→ **Image-caption web data**:
════════════════
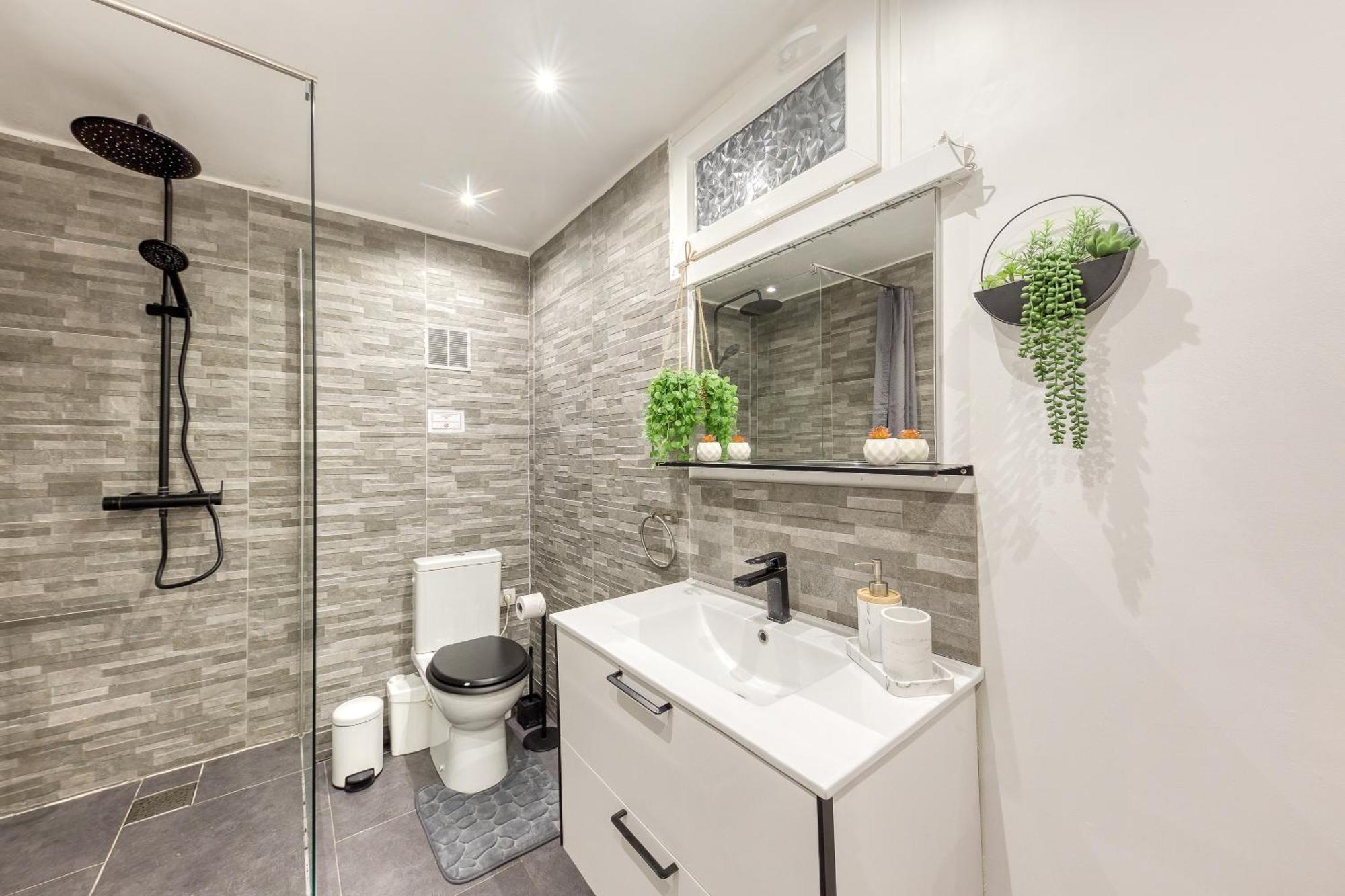 La Belle Hirondelle - Jacuzzi Apartment *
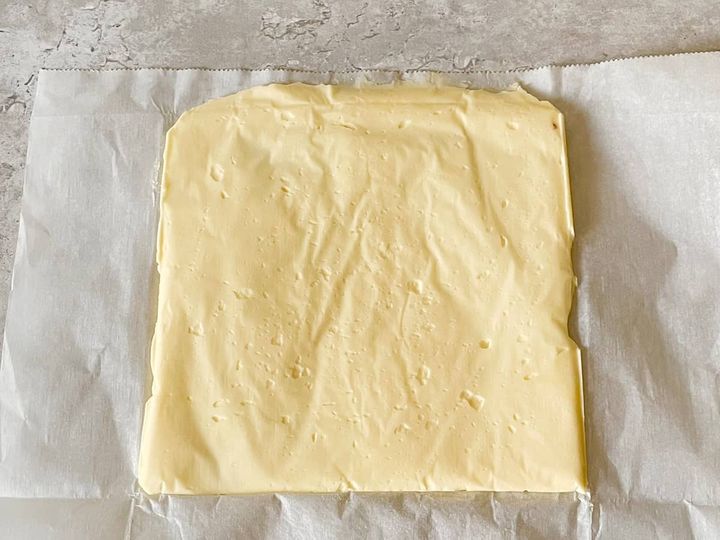 デニッシュ食パン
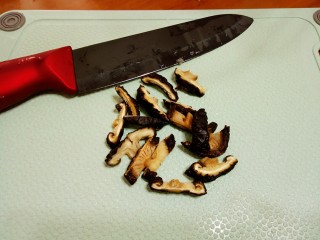 5、#宝宝辅食#鳕鱼胡萝卜香菇粥,5.香菇泡发后切细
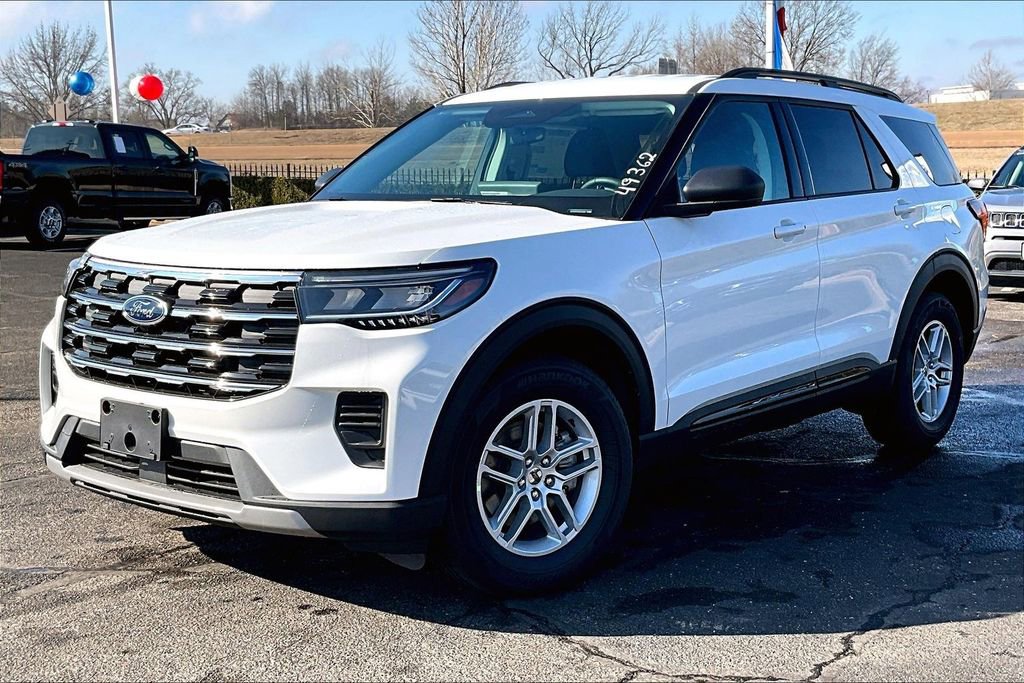 New 2026 Ford Explorer Active image 2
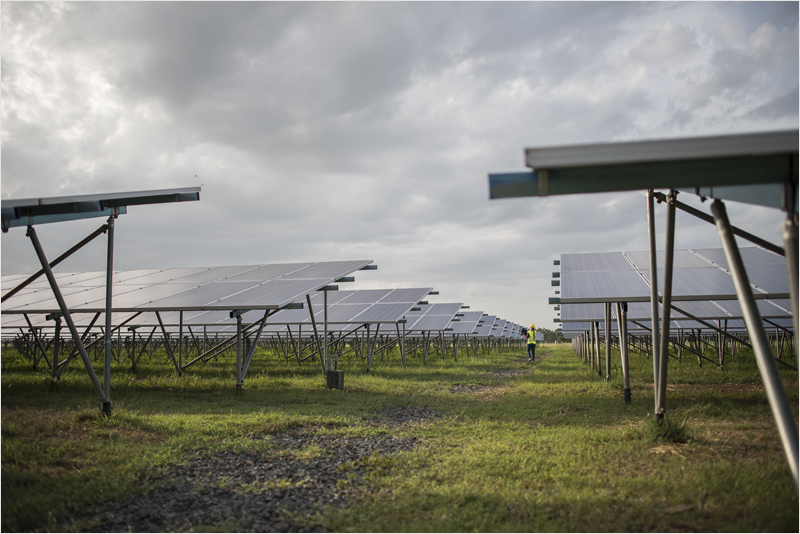 Foto de archivo de parque solar.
════════════════
→ **WORK TASK**:
Leave the images aside and transcribe all entries exactly.

→ **TASK OUTPUT**:
 La Belle Hirondelle - Jacuzzi Apartment *
 デニッシュ食パン
 5、#宝宝辅食#鳕鱼胡萝卜香菇粥,5.香菇泡发后切细
 New 2026 Ford Explorer Active image 2
 Foto de archivo de parque solar.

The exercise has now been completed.